Mathieu Labonde, en Gaec avec Corentin Kukulinski près de Bligny-sur-Ouche, réalise de gros travaux pour limiter les contraintes en périodes de sécheresse.

Par AG
Il fallait faire quelque chose
L'éleveur charolais, devant deux de ses bacs en béton de 2 000 litres chacun.

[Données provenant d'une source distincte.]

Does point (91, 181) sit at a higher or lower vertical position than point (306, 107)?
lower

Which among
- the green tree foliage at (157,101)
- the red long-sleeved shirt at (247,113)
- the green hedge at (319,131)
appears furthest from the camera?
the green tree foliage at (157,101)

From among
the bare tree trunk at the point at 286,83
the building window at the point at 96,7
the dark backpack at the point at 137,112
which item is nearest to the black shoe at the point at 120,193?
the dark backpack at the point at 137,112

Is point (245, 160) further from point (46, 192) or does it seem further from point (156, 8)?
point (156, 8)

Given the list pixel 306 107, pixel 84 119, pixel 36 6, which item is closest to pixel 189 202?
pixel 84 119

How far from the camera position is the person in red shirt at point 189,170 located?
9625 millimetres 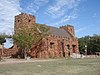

Dans le petit village d'Auxant, il n'y a pas de nappe : « Il n'y a aucune réserve d'eau ou presque, à part quelques puits. La roche est à moins d'un mètre », décrit Mathieu Labonde. Les complications lors des années sèches, cet éleveur de 185 mères charolaises en connaît un rayon : « c'est à chaque fois une grosse galère pour nous, avec beaucoup de travail, de temps passé, d'énergie déployée et d'argent dépensé. L'année dernière, il a manqué de l'eau pendant cinq mois : le coût de la main-d’œuvre, du matériel et du fioul pour acheminer de l'eau à nos bovins a atteint 15 000 euros. À cela, il a fallu ajouter une facture du réseau de 8 000 euros, car nous n'avons pas tout pris dans la rivière de l'Ouche, située à 5 km de l'exploitation. En 2023, cette même facture s'élevait à 12 000 euros ! ». Mathieu Labonde était en réflexion depuis longtemps : « il fallait faire quelque chose, cela ne pouvait plus durer comme ça… Nous avons trouvé une belle parade avec la participation du Syndicat du bassin de l'Ouche (SBO). Ce dernier souhaitait travailler sur la sauvegarde de l'Éclin, le seul cours d'eau qui traverse la commune avec beaucoup d'eau en hiver mais quasiment rien dès le mois de juin ». Pour le maintien des berges, le SBO a fait installer 3 km de clôtures le long de ce cours d'eau : « en contrepartie, nous avons demandé une autorisation de pompage, avec l'objectif de stocker l'eau hivernale en excès. Des puits de captage ont été réalisés, d'autres ont été réaménagés. L'opération avec le SBO a concerné cinq puits. De notre côté, avec Corentin, nous avons créé dix autres points d'eau sur nos 250 ha de prairies. Les travaux ne sont pas tous terminés aujourd'hui : nous recommencerons au printemps pour que tout soit prêt cet été ».

Pratiques et fonctionnels

Les dispositifs fonctionnent à l'aide d'une pompe solaire. L'activation du système est automatique et régulée par un flotteur positionné dans les bacs à eau. Dans le même temps, Mathieu Labonde et Corentin Kukulinski ont investi dans une citerne souple pour stocker 500 m3 d'eau : « l'objectif est, encore une fois, de la remplir en hiver, pour utiliser l'eau quand nous en aurons besoin. Nous avons aussi une station pour filtrer et traiter cette eau pour nos bovins ». Les travaux réalisés ne s'arrêtent pas en si bon chemin : 1,8 km de conduite d'eau a été installé pour relier les trois bâtiments d'élevage du Gaec : « nous pourrons utiliser l'eau stockée, pour limiter les dépenses. Ces conduites nous permettront également d'envoyer de l'eau du réseau dans les bacs, en cas de forte sécheresse. Nous devrions gagner cinq heures de travail par jour durant l'été, ce n'est pas rien ! ». Les « choses » ont été faites en bonne intelligence, poursuit le naisseur-engraisseur : « la biosécurité a été prise en compte, elle aussi. Les points d'eau sont aménagés sur un sol sec et sain, avec des cailloux. Ici, nous sommes en zone tuberculose, nous ne sommes jamais assez prudents avec la faune sauvage. Et nous avions des problèmes de dermatite digitée, l'autre nom de la Mortellaro. Ces dispositifs sont donc les bienvenus ». Sans compter leurs 250 heures de travail, Mathieu Labonde et Corentin Kukulinski ont dépensé 35 000 euros en matériels divers et variés. Les deux éleveurs ont bénéficié d'une aide du Conseil départemental et d'une bonification JA, suite à l’installation de Corentin en avril dernier, pour diminuer la facture initiale qui s'élevait à 60 000 euros.

Le dispositif, avec le cours d'eau en arrière plan.